### Dataset entries
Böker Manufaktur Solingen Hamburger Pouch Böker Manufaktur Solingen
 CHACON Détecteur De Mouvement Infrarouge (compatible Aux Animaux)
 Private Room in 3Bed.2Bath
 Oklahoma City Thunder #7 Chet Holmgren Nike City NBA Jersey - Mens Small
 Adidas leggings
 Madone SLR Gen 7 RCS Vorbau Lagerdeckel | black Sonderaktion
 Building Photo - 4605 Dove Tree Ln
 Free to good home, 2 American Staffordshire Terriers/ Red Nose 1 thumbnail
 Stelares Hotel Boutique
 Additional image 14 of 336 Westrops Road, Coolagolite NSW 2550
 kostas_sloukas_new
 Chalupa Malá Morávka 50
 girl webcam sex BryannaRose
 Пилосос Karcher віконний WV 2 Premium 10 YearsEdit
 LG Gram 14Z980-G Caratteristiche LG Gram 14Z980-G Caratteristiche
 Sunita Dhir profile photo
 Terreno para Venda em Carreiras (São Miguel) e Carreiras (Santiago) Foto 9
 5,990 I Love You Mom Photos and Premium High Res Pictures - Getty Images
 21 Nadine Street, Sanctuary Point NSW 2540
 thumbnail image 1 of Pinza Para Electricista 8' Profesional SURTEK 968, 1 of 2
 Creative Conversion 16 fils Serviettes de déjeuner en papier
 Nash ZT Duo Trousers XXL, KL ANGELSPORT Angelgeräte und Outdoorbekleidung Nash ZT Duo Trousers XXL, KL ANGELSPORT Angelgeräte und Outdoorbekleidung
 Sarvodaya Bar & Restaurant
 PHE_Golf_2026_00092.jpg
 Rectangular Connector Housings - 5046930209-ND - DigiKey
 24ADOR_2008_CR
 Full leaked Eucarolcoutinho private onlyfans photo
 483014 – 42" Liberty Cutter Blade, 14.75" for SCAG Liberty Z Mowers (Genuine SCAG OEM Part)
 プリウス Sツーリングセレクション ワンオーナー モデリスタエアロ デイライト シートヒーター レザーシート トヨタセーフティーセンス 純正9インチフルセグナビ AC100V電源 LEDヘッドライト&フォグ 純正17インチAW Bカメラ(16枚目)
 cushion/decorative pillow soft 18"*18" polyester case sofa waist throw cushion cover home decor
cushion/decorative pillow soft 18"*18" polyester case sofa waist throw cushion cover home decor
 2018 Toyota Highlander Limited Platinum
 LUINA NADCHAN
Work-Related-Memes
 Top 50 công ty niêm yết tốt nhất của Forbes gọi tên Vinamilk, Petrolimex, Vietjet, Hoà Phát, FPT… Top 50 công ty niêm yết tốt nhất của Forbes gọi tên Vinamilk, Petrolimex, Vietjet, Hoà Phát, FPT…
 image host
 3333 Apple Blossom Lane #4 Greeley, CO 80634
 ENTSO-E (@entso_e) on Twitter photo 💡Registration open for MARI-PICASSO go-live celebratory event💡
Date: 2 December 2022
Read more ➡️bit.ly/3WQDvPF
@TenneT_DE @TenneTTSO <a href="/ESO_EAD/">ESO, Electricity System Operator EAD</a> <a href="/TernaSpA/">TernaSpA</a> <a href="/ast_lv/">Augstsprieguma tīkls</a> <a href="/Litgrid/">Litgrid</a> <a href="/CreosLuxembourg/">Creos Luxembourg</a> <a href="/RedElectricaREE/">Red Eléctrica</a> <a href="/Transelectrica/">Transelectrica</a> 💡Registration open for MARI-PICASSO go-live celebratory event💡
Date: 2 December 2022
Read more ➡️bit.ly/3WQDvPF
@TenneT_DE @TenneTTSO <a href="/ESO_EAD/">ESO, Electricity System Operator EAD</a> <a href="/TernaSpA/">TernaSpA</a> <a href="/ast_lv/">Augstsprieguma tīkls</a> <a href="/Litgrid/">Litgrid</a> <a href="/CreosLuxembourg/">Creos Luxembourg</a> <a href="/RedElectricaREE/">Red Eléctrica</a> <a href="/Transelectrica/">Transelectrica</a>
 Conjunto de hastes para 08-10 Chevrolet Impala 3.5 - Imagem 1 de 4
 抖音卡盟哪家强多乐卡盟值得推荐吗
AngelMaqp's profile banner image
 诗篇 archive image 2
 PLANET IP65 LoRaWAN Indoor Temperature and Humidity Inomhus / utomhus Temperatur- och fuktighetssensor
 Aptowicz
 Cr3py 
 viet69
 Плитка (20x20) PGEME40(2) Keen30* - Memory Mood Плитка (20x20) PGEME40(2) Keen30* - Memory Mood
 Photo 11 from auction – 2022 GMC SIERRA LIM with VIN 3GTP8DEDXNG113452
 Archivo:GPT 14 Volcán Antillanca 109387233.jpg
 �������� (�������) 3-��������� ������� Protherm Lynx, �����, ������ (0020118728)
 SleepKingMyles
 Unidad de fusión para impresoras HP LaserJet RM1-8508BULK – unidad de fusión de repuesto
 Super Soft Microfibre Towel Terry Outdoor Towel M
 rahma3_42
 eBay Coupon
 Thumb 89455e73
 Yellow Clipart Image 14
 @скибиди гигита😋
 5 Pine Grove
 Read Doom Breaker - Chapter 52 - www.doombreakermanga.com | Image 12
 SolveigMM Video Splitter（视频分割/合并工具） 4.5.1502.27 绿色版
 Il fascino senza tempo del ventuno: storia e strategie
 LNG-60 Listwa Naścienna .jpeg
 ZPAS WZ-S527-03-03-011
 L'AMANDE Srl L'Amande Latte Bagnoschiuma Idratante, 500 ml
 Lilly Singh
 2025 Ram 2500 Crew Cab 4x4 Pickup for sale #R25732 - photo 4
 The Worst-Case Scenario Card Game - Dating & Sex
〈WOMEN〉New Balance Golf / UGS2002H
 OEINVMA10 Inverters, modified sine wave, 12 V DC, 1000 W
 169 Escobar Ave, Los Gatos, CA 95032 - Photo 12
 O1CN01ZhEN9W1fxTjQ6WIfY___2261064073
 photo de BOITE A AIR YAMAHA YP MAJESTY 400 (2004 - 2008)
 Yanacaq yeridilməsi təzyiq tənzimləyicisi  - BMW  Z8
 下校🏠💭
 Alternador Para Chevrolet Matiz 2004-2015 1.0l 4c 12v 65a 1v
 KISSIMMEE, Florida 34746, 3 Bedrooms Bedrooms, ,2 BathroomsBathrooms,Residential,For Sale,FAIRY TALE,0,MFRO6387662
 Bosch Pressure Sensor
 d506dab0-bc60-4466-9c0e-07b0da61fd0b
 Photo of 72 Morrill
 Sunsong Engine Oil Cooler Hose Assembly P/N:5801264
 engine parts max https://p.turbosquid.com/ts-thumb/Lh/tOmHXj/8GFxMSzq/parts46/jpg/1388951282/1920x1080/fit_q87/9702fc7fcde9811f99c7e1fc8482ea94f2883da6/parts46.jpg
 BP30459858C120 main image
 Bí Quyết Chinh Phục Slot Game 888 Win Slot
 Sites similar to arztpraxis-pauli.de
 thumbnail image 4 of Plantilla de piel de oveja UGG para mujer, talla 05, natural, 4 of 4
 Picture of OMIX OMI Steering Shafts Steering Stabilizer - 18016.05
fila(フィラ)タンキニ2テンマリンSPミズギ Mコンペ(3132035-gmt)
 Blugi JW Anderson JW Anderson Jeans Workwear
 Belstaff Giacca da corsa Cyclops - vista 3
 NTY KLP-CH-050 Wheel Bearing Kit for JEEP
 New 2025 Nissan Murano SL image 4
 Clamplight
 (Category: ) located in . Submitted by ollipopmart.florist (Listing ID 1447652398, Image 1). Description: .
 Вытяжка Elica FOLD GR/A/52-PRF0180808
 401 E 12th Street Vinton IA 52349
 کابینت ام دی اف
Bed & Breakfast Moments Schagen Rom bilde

### Problem
For every line in the listing above that mentions the word "pillow", make a copy.

### Exercise result
 cushion/decorative pillow soft 18"*18" polyester case sofa waist throw cushion cover home decor
cushion/decorative pillow soft 18"*18" polyester case sofa waist throw cushion cover home decor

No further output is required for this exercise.